In C#, or indeed any .NET language, every class, value, structure, derives from System.Object. Object has four methods, Equals(), GetHashCode, ToString() and GetType(). The first three are virtual and can be overriden in any derived class. GetType() returns the System.Type of the object and cannot be overriden. So you cannot create two classes, foo and bar, and fool an instance of bar into thinking it is a foo.

Suppose we have a Customer class and we produce two customers:

Customer a = new customer();
Customer b = new customer();
if (a.Equals(b))
{
// We cannot get here
}

Customer a and customer b are two separate objects. object1.Equals(object2) returns true if object1 and object2 are the same object. But in the example above, a and b were two different customers.

So far so good, and all standard stuff.

The problem is that often a customer object will often be created by pulling data from a database. Within the database each customer is identified by a unique identifier, or primary key. Within the database two customers are considered equal if they have the same primary key.

To get the data into a customer object we have a method somewhere, maybe in a factory class, a repository, an O/R mapper, or even in the Customer Entity object itself (I know, the OO purists will complain about this).

Let’s suppose we have a CustomerManager class with a method that fetches a customer from the database using the primary key. So our code above now looks like this:

Customer a = CustomerManager.FetchCustomer(1);
Customer b = CustomerManager.FetchCustomer(1);

We now have the two customers, a and b, who share identical data. As far as the database is concerned they are the same entity. But a.Equals(b); will still return false because a and b are two different objects. At a lower level when we create a and b the CLR allocates space for two integers on the stack. These two integers contain the addresses on the managed heap for each object. The object.Equals() method compares the two references. In this case the references are different because we have created two objects.

What do we do if we want a.Equals(b); to return true? The simple answer, indeed the only answer, is to override the Equals method in the Customer class. So Customer now looks like this:

public class Customer
{
   private int customerId;

   public int CustomerId { get { return customerId; } }

   public Customer(int id)
   {
      customerId = id;
   }

   public override bool Equals(Customer cust)
   {
      if (cust.CustomerId == customerId)
         return true;

      return false;
    }
}

But I am not sure that I like this solution. The O/R mapper that I use, LLBLGen Pro, does it this way. I am a fan of LLBL Gen, and I think it is reasonable for it to use this approach. The point here is that there is a direct mapping from database rows to object entities. So if I want to compare two entities which are mapped from the database then they should be the same if the underlying database rows are the same. But if I create my own classes, distinct from the O/R mapper entity classes then the situation is not quite so clear cut.
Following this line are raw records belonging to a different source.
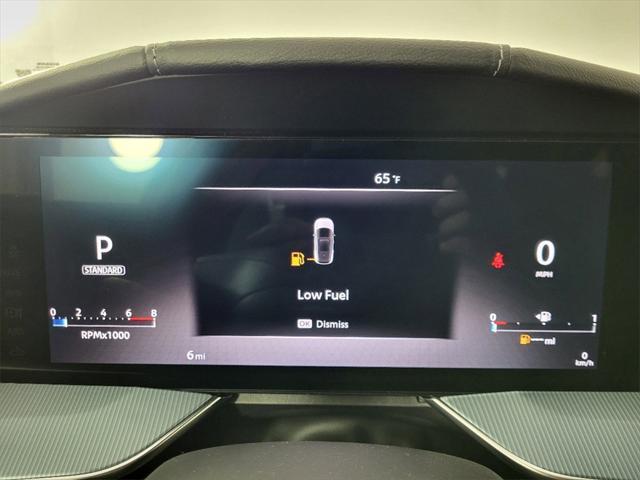 new 2025 Nissan Murano car, priced at $48,720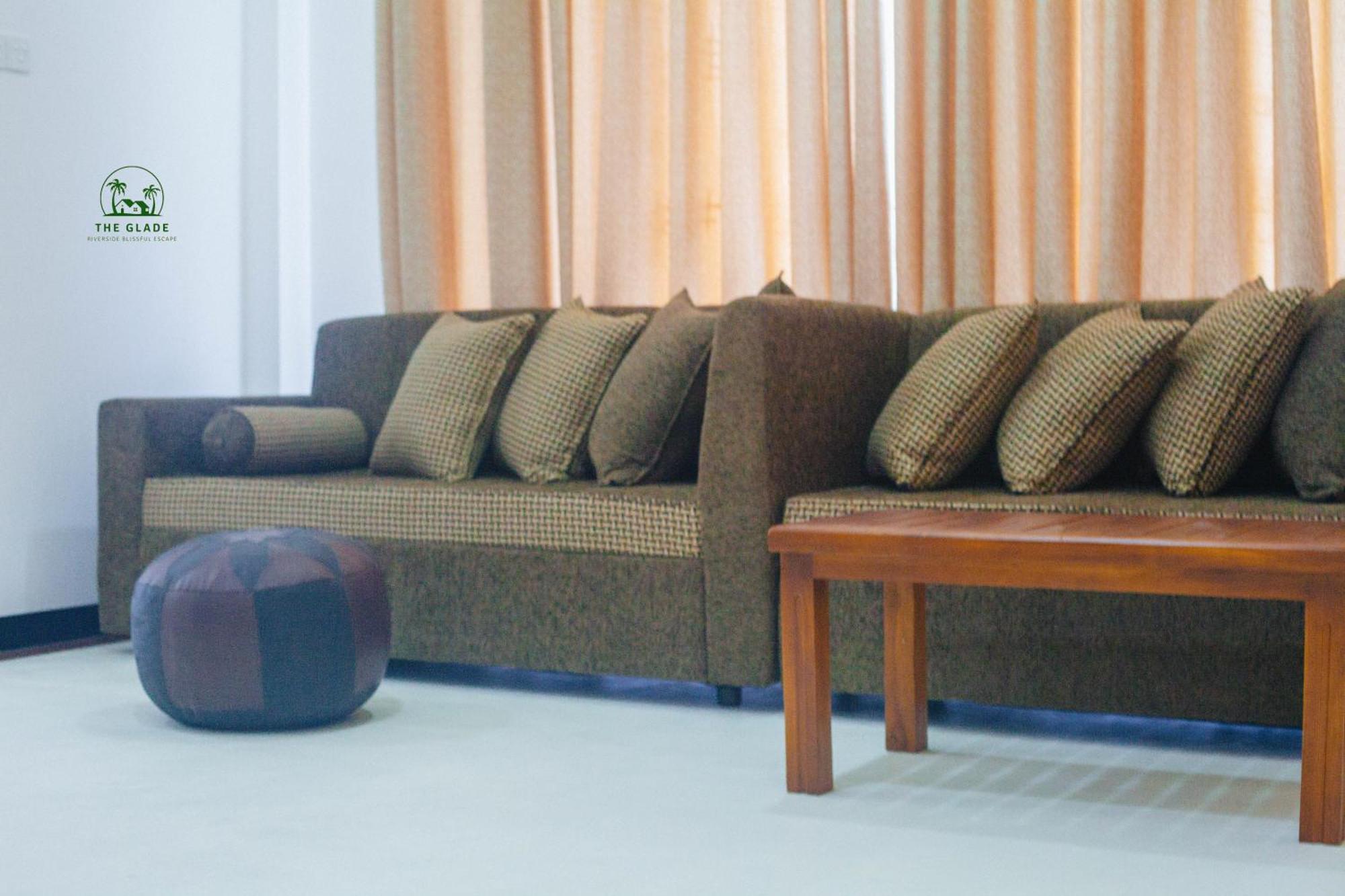 The Glade Lejlighedshotel Weligama Eksteriør billede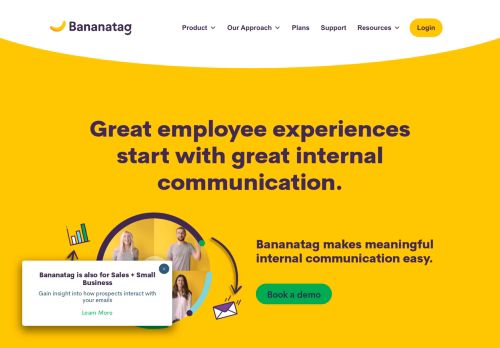 
                            12. Bananatag: Email Tracking, Scheduling, Templates & Attachment ...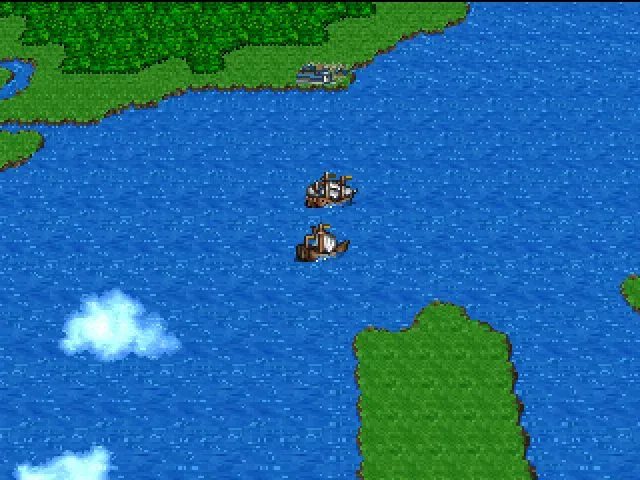 Daikoukai Jidai Gaiden (PS1)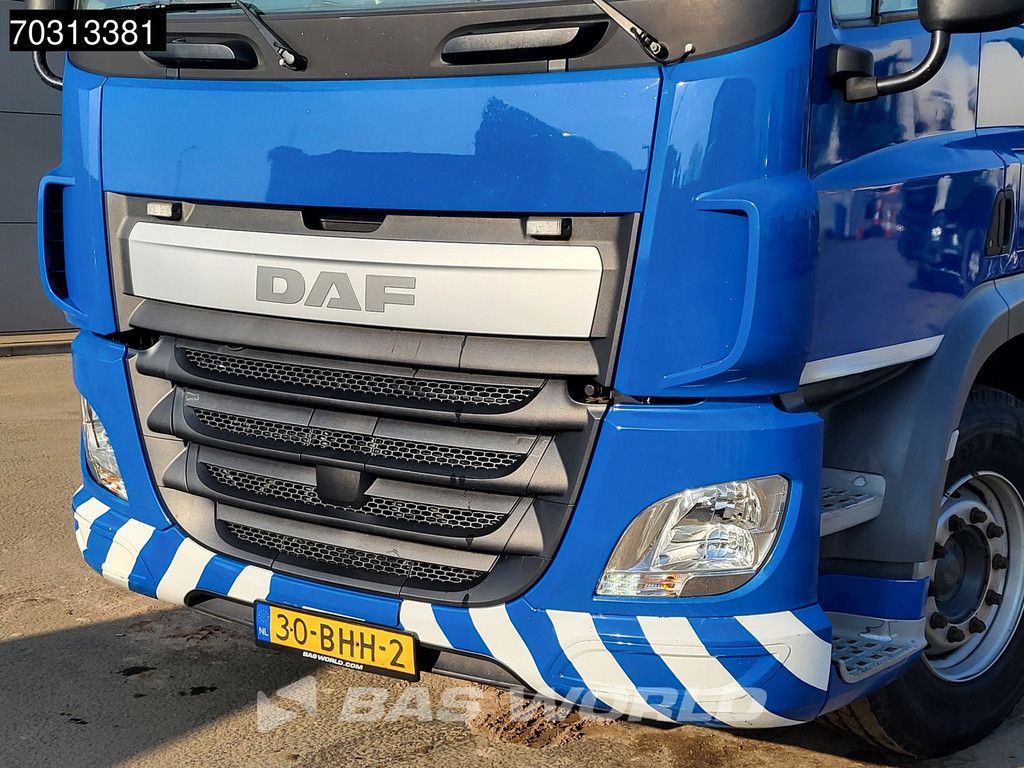 DAF CF 440 6X2 NL-Truck APK VDL S-21-6600 Containersystem Sleepercab Euro 6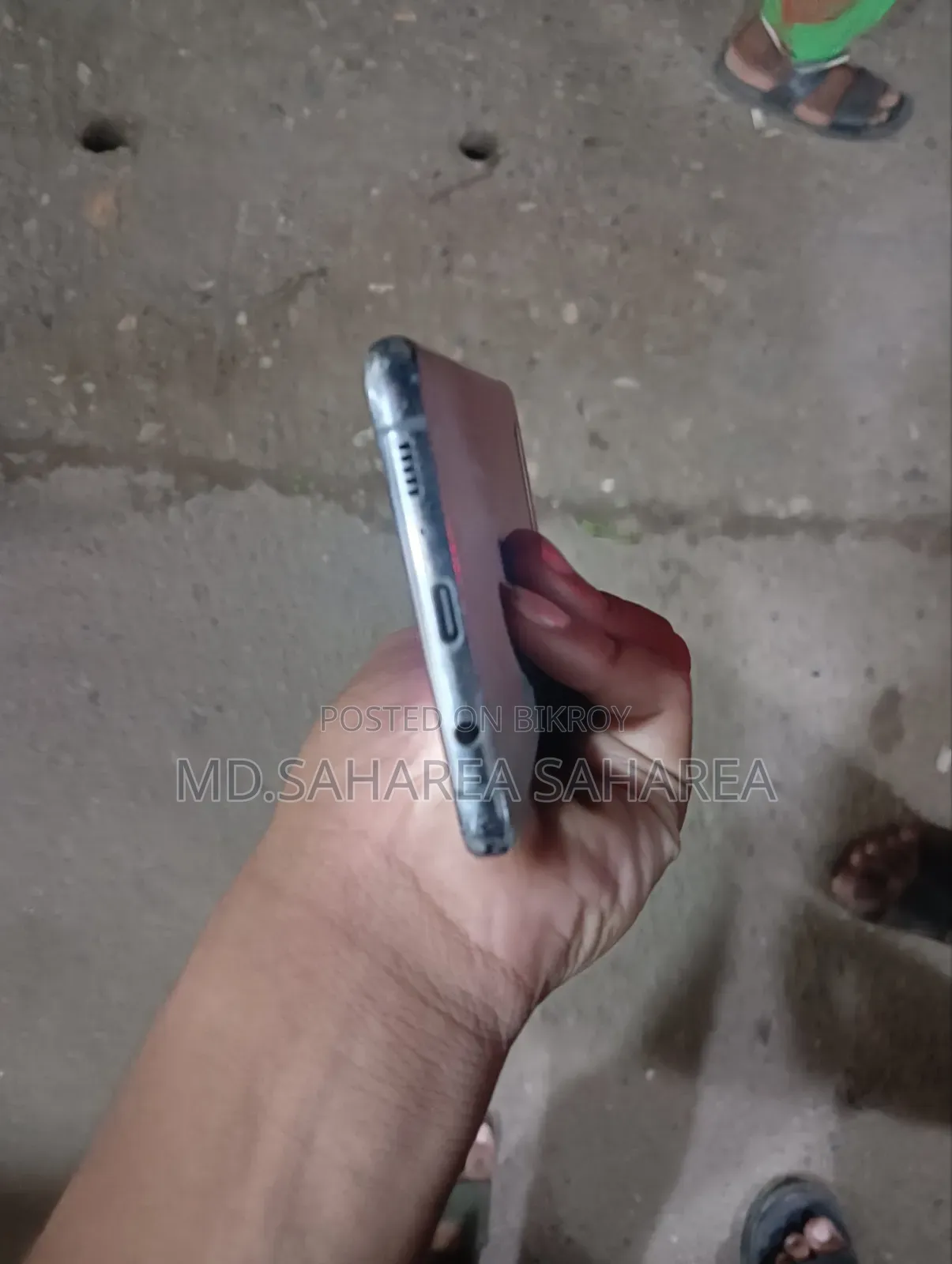 Samsung Galaxy S10 5G 512 GB Black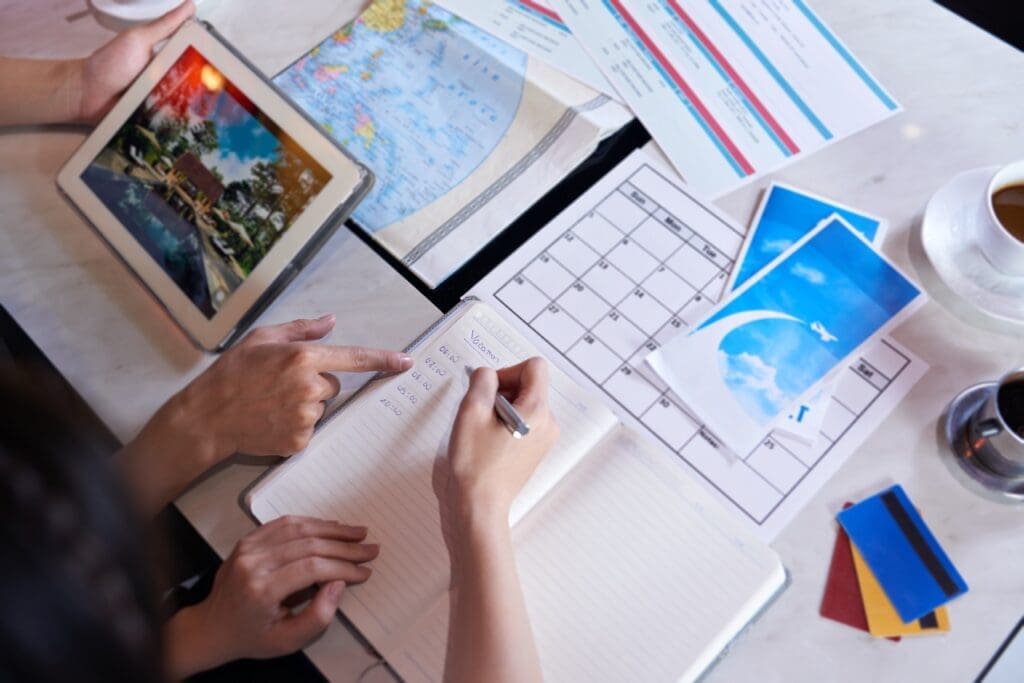 Planning Your Return
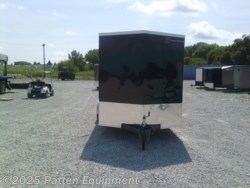 2026 7x16 Beta Series Enclosed Trailer 7K by Cross Trailers from Patten Equipment in Urbana, Iowa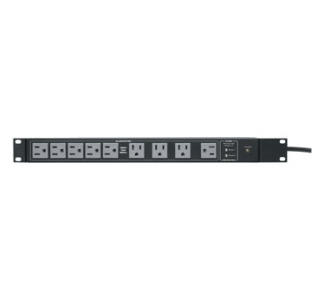 Middle Atlantic Products PD-1815R-RN 18-Outlets PDU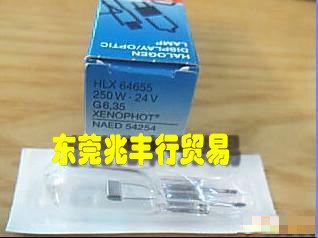 供应欧司朗米泡HLX64655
Jeffrey Richter, in his excellent CLR via C#, suggests that Microsoft should have implemented the Object.Equals() method differently and gives advice on how to implement the Equals method:

  1. If the obj argument is null, return false because the current object identified by this is obviously not null when the nonstatic Equals method is called.
  2. If the this and obj arguments refer to objects of different types, return false. Obviously, checking if a String object is equal to FileStream object should result in a false result.
  3. For each instance field defined by the type, compare the value in the this object with the value in the obj object. If any fields are not equal, return false.
  4. Call the base class’s Equals method so it can compare any fields defined by it. If the base class’s Equals method returns false, return false; otherwise, return true.

This sounds good, but there are problems. The entity object obtained from the database is a case in point. Suppose we fetch a customer entity and then edit it. Prior to saving the entity we may fetch it again, perhaps within a collection. Using Richter’s definition of equality the two objects would not be equal. Using the method in LLBLGen’s entity classes the two objects would be equal, but the edited object would have a property IsDirty set to true.

I really don’t think that there is one solution to fit all possible cases. I suppose it is just because of the Object/Relational mismatch, which is the problem which O/R mappers have tried, and in many cases quite successfully, to address.

The whole point is that equality and identity are not as straightforward as they might, at first, appear.